With Escape That, Sam Sweeney has made his most personal record to date. His playing has never been more confident or fluid and the accompaniments are also stellar in their subtlety. It is gorgeous, joyous playing, possibly his best yet.

On ‘Time Was Away’, the perfectly matched Emily Portman and Rob Harbron have delivered an elegant and understated gem that’s beautifully atmospheric and gently beguiling. Take time to savour this treat; you’ll be much rewarded.

VRÏ’s ‘islais a genir’ is an album that honours variety and positively revels in its own complex, colourful identity, by turns thoughtful and celebratory. A formidable artistic and cultural statement.

With Sorrows Away, The Unthanks have graced us with their most extraordinary record to date. It is a tonic to lift the spirits and marks a momentous moment in the career of one of the greatest folk bands in the UK today.

Saltlines is a massive, ambitious and highly unusual project; the fact that it feels perfectly judged at every moment is down to the sheer excellence of Gigspanner Big Band’s musicianship and the touching, clear-eyed nature of everything Raynor Winn writes or speaks. It is a constant delight. 

‘The Space Between’ is the sound of a band that are cooking on heat; anyone who comes into the Bonfire Radicals’ orbit is going to be hard pushed not to be swept up by this blazing folk comet.

Jake Blount’s The New Faith is an album rich with themes of hope, resilience and salvation. With a keen sense of tradition, Blount has cleverly delivered a bold, thought-provoking and judicious album…one which is also a thoroughly, staggeringly thrilling listen. Glorious.

Featuring Colm O’Connell and Rory McDaid, Rezo’s latest album ‘Sew Change’, shows that this duo are still at the forefront of presenting fresh and creative collages of sound. This is what great music is capable of being.

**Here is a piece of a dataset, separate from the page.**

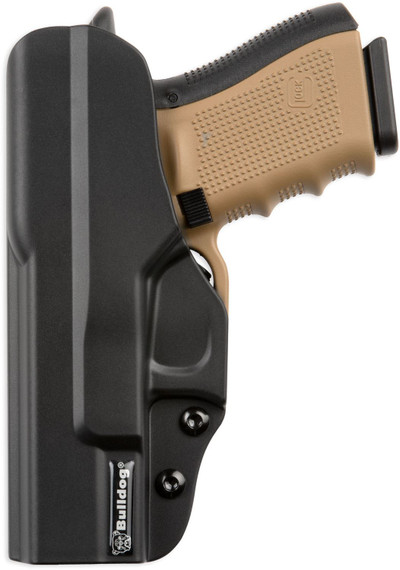 Bulldog PIPS365 Inside The Pants IWB Black Polymer Belt Clip Compatible w/Sig P365/Glock 42 Belt 1.75 in Wide Right Hand, Holster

Featuring Sarah-Jane Summers, Juhani Silvola, Leif Ottosson and Bridget Marsden, the Siskin Quartet’s ‘Flight Paths’ is an exceptional album. Broad-reaching yet balanced, daring and compelling; I can’t recommend it highly enough.

With LAS, Brìghde Chaimbeul, Ross Ainslie and Steven Byrnes have delivered a highly accomplished album that, probably more than any other you’ll hear this year, unifies innovation and tradition.

With music that is gloriously varied, Fara’s Energy Islands is a brave, wildly original almost-concept album from one of the finest folk bands in Scotland. It’s an exquisite album.

The Wilderness Yet’s ‘What Holds The World Together’, shows them to be a band steeped in both the English and Irish folk traditions, but with a fresh, confident edge and a clear idea of what they want to achieve. This is surely one of the folk albums of the year.